There are some limitations that may have contributed to the finding that the average level of agreement was higher for the passive listening than the active playing condition when students responded to the item, “This music experience prior to taking an exam was enjoyable.” Each active music condition group consisted of 25 students in a drum circle, which may have been overwhelming to students who are uncomfortable playing music, especially in front of others. Additionally, despite music therapy students leading the group, at times, the directions given caused auditory chaos with students doing a freeform playing. Perhaps more direction and guidance would provide students with increased confidence to play their instrument. Providing students with a specific rhythm to follow at particular times may have increased their confidence, ultimately reducing stress. Furthermore, if students felt inadequate at playing their instrument, this may have increased their anxiety level.

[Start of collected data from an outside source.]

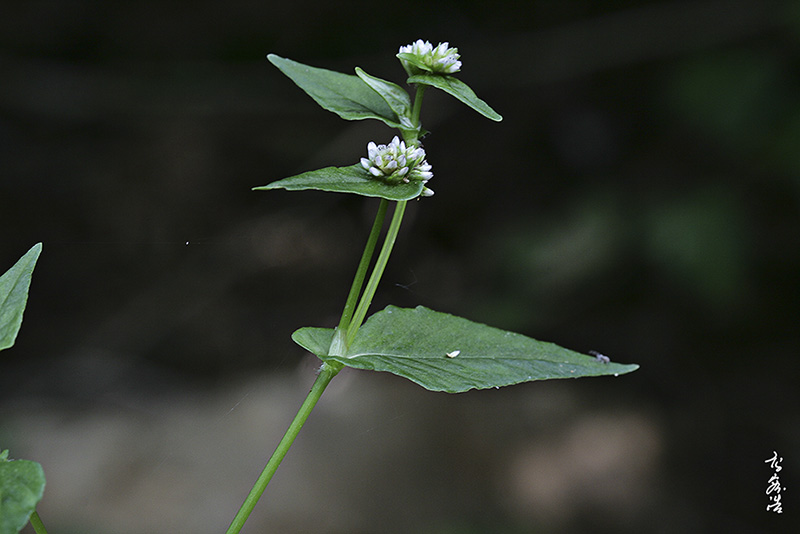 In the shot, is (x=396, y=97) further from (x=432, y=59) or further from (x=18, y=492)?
(x=18, y=492)

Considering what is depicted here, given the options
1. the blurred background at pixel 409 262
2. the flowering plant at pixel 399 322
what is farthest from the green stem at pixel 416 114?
the blurred background at pixel 409 262

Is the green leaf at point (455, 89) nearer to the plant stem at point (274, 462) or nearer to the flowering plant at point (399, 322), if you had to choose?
the flowering plant at point (399, 322)

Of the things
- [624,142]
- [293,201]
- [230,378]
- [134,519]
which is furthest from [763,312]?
[134,519]

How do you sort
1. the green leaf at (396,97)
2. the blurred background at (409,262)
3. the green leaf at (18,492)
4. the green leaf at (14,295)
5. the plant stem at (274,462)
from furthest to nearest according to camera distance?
the blurred background at (409,262), the green leaf at (396,97), the plant stem at (274,462), the green leaf at (14,295), the green leaf at (18,492)

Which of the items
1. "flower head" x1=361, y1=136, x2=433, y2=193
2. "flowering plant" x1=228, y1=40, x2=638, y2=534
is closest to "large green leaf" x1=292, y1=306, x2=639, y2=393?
Answer: "flowering plant" x1=228, y1=40, x2=638, y2=534

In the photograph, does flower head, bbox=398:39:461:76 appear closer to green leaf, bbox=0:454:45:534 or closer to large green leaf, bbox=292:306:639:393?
large green leaf, bbox=292:306:639:393

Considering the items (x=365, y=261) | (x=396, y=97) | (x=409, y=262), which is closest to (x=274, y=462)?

Additionally, this study did not focus on the effects of music intervention on student performance. Future research should use a validated knowledge assessment tool to determine if the use of music can improve academic performance. It would be interesting to determine whether the impact of music on academic performance varies by level of cognitive demand (e.g., knowledge, comprehension, and evaluation). The use of objective measures such as heart rate, blood pressure, and cortisol levels could also be explored. Future research should use higher stakes assessments and measure the long-term effects of musical interventions on both state anxiety as well as the academic performance with the use of more longitudinal musical interventions. Assessing the impact of using music throughout the curriculum with repeated exposure should also be completed.